Imagine my amazement when I found a reference to it in the Macedon Ranges Cultural Heritage and Landscape study published in 1994. At that time, the tree was still alive, having survived for approximately 130 years.
Having had the area of the tree pinpointed in the study, I decided to visit the location. The rough dirt road closed in the further we drove. Huge old gum trees pushed in on either side. Unfortunately, there was no sign of the oak tree. Although it was gone, I could imagine its wide spreading branches casting shade over the paddocks. I suppose it was a bit much to expect that it had actually survived 165 years.
But it still felt special to stand in the spot where my ancestors farmed the land and look out over Hanging Rock.
My family’s oak wasn’t the only tree with a story to tell. In fact, when I started looking, I found intriguing stories about other legendary trees.
Images from Left to Right: Hanging Rock from Bowens Rd, English Oak in Bowens Road, The Hardy Tree, Hawthorn Tree
The first was the Hardy tree of St Pancras. So the story goes, Thomas Hardy, who later became the famous writer, was an assistant architect working on a new rail line which would run through the St Pancras graveyard. Quite a few graves had to be moved. Thomas Hardy apparently stacked the headstones around the tree where the roots of the tree intertwined with the gravestones. An alternate version says that the tree must have grown from a seed dropped after the tombstones had been stacked. There is photographic evidence of the headstones without the tree. However, no matter how it happened, the tree created a most astonishing sight until it fell over in 2022 after standing for almost 100 years.

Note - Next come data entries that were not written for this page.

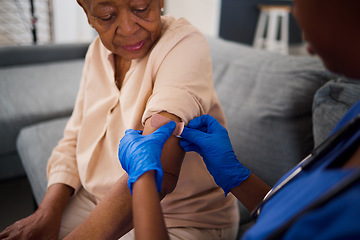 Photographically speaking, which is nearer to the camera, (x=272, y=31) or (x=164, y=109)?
(x=164, y=109)

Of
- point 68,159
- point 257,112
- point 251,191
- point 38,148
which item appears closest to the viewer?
point 251,191

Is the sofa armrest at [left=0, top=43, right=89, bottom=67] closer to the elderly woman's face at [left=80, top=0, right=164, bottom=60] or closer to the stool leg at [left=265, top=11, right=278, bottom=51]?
the elderly woman's face at [left=80, top=0, right=164, bottom=60]

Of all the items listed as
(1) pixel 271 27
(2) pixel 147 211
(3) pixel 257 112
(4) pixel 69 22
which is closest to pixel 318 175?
(2) pixel 147 211

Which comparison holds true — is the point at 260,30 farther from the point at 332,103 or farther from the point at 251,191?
the point at 251,191

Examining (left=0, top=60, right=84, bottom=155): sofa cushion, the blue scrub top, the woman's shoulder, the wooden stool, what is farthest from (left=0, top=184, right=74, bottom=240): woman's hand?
the wooden stool

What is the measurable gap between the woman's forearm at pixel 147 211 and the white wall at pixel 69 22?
3.88m

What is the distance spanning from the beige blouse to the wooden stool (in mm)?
4479

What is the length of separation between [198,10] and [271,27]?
4.52 ft

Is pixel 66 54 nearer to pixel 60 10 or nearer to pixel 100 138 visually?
pixel 60 10

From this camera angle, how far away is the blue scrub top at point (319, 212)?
0.40 meters

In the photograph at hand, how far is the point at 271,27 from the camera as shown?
5.48m

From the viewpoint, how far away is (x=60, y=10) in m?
4.20

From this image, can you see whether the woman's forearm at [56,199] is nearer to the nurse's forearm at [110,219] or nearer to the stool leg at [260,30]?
the nurse's forearm at [110,219]

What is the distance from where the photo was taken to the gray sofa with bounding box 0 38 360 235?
1158 mm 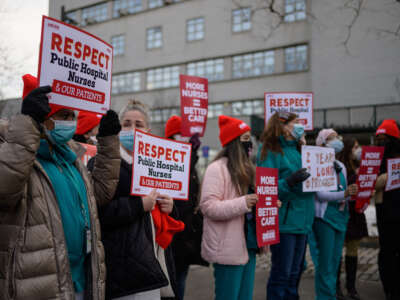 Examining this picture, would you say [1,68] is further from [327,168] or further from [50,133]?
[327,168]

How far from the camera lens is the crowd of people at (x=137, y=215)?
168 centimetres

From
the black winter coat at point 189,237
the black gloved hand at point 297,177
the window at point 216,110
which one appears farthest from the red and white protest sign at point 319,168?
the window at point 216,110

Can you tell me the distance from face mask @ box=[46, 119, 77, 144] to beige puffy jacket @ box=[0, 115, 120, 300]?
0.57ft

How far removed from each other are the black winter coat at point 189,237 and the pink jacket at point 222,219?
37cm

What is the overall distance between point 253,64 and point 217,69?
9.04 feet

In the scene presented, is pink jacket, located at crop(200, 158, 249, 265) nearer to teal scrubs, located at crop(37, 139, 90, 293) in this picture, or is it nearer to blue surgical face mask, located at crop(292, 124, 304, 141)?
blue surgical face mask, located at crop(292, 124, 304, 141)

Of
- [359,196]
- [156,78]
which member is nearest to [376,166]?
[359,196]

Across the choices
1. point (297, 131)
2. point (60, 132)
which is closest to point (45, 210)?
point (60, 132)

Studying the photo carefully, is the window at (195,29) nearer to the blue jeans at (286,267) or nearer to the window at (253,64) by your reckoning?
the window at (253,64)

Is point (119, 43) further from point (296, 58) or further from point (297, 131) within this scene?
point (297, 131)

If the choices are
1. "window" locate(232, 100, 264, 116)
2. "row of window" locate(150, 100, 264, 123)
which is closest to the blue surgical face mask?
"row of window" locate(150, 100, 264, 123)

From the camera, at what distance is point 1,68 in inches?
104

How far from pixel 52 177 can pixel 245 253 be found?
Result: 1.89 meters

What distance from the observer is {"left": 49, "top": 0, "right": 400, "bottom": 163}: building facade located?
1981 cm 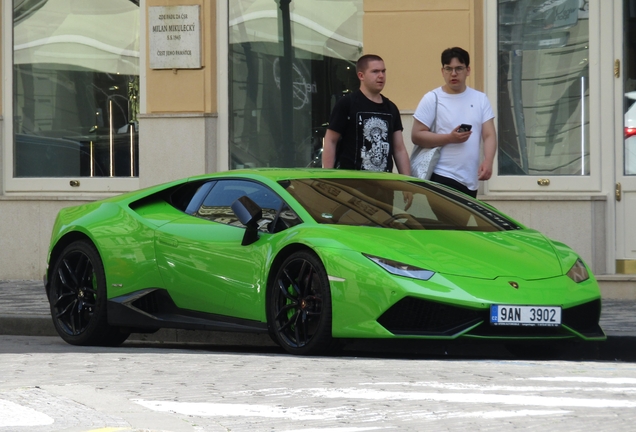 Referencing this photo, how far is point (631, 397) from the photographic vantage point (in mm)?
5891

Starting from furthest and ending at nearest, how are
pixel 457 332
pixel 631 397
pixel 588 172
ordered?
pixel 588 172, pixel 457 332, pixel 631 397

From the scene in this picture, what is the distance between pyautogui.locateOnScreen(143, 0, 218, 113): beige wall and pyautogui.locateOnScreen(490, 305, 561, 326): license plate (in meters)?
7.21

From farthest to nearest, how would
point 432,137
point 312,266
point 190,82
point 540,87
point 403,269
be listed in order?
point 190,82 → point 540,87 → point 432,137 → point 312,266 → point 403,269

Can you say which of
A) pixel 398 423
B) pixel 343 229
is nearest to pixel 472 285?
pixel 343 229

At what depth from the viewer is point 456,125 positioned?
413 inches

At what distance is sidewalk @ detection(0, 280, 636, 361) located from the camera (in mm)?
8820

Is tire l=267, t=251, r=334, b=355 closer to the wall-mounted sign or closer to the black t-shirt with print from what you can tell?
the black t-shirt with print

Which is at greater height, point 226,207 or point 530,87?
point 530,87

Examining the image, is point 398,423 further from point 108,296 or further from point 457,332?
point 108,296

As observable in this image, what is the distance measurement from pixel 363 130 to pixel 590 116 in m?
3.82

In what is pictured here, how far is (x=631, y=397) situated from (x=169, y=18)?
9.37 metres

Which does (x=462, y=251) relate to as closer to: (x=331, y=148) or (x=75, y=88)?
(x=331, y=148)

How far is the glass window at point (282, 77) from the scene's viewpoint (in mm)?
14445

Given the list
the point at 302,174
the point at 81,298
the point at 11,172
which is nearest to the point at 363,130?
the point at 302,174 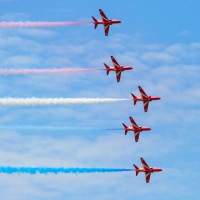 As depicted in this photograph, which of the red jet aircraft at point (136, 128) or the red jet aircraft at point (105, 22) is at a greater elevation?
the red jet aircraft at point (105, 22)

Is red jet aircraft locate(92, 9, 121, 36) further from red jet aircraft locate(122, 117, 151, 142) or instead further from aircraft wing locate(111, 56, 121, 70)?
red jet aircraft locate(122, 117, 151, 142)

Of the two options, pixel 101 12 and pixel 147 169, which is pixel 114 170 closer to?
pixel 147 169

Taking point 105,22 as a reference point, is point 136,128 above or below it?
below

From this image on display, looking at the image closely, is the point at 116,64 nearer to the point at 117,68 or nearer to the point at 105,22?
the point at 117,68

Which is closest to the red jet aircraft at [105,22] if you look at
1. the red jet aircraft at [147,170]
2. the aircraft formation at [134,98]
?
the aircraft formation at [134,98]

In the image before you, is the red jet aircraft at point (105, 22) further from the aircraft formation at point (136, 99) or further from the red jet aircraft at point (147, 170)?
the red jet aircraft at point (147, 170)

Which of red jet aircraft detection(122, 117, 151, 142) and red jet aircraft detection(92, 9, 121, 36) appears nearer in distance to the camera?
red jet aircraft detection(92, 9, 121, 36)

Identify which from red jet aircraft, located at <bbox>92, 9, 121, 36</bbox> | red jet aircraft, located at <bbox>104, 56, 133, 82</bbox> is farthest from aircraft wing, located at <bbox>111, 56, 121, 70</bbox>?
red jet aircraft, located at <bbox>92, 9, 121, 36</bbox>

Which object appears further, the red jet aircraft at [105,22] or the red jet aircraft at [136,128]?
the red jet aircraft at [136,128]

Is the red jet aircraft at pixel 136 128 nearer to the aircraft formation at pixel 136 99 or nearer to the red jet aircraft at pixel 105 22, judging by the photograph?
the aircraft formation at pixel 136 99

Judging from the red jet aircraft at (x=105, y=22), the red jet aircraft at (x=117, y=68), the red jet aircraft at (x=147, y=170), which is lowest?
the red jet aircraft at (x=147, y=170)

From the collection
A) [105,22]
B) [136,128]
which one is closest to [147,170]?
[136,128]

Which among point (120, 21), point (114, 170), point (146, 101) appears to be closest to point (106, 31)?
point (120, 21)

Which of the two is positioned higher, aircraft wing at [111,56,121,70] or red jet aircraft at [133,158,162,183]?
aircraft wing at [111,56,121,70] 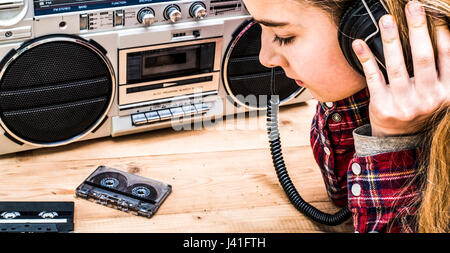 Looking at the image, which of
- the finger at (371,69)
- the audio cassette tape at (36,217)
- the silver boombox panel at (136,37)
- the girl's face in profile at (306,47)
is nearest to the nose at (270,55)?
the girl's face in profile at (306,47)

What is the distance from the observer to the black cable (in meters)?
0.81

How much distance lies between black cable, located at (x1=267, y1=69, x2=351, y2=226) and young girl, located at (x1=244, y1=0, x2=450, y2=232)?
0.25 ft

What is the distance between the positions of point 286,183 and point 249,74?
0.22m

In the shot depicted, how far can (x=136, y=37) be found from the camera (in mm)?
864

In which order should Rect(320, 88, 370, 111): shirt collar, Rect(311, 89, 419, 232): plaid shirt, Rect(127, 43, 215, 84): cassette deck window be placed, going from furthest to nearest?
Rect(127, 43, 215, 84): cassette deck window
Rect(320, 88, 370, 111): shirt collar
Rect(311, 89, 419, 232): plaid shirt

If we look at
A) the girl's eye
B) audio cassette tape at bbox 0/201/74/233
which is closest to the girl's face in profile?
the girl's eye

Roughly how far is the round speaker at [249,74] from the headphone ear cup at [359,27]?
1.08 feet

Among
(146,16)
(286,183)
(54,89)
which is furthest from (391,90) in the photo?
(54,89)

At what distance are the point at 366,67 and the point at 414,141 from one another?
112 millimetres

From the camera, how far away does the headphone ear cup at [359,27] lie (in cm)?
59

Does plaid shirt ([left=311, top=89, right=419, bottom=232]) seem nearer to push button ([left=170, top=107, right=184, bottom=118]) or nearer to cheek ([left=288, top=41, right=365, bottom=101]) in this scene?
cheek ([left=288, top=41, right=365, bottom=101])

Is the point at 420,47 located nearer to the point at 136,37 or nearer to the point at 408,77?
the point at 408,77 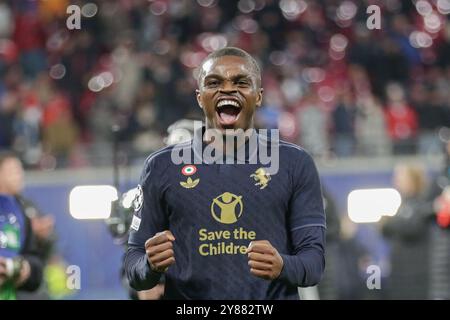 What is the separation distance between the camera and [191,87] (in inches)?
524

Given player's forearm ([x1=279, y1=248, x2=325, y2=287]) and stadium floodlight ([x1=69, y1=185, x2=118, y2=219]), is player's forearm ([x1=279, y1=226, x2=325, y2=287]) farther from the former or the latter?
stadium floodlight ([x1=69, y1=185, x2=118, y2=219])

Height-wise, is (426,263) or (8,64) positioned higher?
(8,64)

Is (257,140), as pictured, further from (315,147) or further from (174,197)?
(315,147)

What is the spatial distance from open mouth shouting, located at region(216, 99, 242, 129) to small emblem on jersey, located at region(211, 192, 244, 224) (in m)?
0.26

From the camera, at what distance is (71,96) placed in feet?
44.3

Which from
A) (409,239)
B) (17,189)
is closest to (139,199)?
(17,189)

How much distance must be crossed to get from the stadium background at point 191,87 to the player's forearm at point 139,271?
6.31 meters

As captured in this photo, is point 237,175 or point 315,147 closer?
point 237,175

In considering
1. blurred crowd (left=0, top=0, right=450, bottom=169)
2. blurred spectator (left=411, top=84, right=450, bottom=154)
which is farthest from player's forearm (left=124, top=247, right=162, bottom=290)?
blurred spectator (left=411, top=84, right=450, bottom=154)

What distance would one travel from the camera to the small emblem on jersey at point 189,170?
425 centimetres

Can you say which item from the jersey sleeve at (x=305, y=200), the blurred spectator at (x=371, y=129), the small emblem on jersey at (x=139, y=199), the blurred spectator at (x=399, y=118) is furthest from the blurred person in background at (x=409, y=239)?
the small emblem on jersey at (x=139, y=199)

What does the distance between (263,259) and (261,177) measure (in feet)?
1.41

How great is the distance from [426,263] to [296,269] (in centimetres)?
590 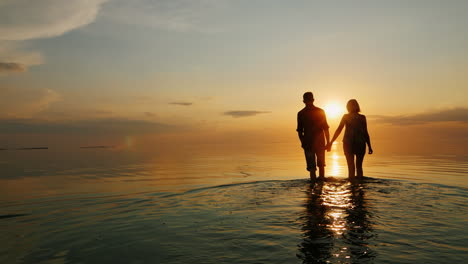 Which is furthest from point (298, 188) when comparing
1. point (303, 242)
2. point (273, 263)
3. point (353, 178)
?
point (273, 263)

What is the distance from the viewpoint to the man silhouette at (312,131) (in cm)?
1240

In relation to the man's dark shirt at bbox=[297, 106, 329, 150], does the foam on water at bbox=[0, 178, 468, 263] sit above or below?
below

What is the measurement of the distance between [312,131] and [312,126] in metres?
0.21

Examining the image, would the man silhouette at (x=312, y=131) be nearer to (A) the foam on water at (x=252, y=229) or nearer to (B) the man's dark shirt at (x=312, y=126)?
(B) the man's dark shirt at (x=312, y=126)

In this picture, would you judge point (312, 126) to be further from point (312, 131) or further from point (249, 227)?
point (249, 227)

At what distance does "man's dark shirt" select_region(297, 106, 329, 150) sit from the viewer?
12414 millimetres

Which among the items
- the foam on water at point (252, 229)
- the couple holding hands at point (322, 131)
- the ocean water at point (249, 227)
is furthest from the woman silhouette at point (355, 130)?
the foam on water at point (252, 229)

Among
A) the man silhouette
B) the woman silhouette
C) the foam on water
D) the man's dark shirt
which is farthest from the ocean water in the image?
the man's dark shirt

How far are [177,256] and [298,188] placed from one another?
23.9ft

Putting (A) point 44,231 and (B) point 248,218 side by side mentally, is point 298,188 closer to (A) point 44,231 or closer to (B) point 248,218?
(B) point 248,218

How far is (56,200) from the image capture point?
36.1 ft

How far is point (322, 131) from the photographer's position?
12.6 meters

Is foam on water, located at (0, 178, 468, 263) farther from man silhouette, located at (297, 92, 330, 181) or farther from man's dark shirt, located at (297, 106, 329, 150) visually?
man's dark shirt, located at (297, 106, 329, 150)

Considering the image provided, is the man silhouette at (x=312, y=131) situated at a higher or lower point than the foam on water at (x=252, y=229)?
higher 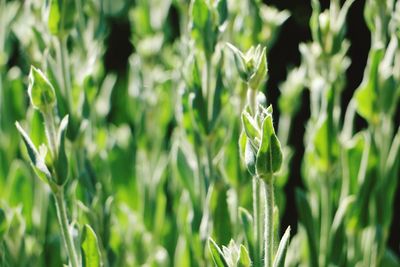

The next story that caught my eye was that of the hawthorn fairy tree that caused the diversion of a planned highway upgrade. Folklore is strong in Ireland, and this particular fairy tree was said to be the meeting place of the fairies of Connaught and Munster. Folklore proclaimed that should the tree be damaged, a dreadful fate would befall those working on the new highway, as well as anyone who would later drive on it. Today, there is a kink in the road to avoid the tree.
Even though the oak has gone, the landscape still holds its story, just as Ireland keeps its Fairy Tree and London its Hardy Tree.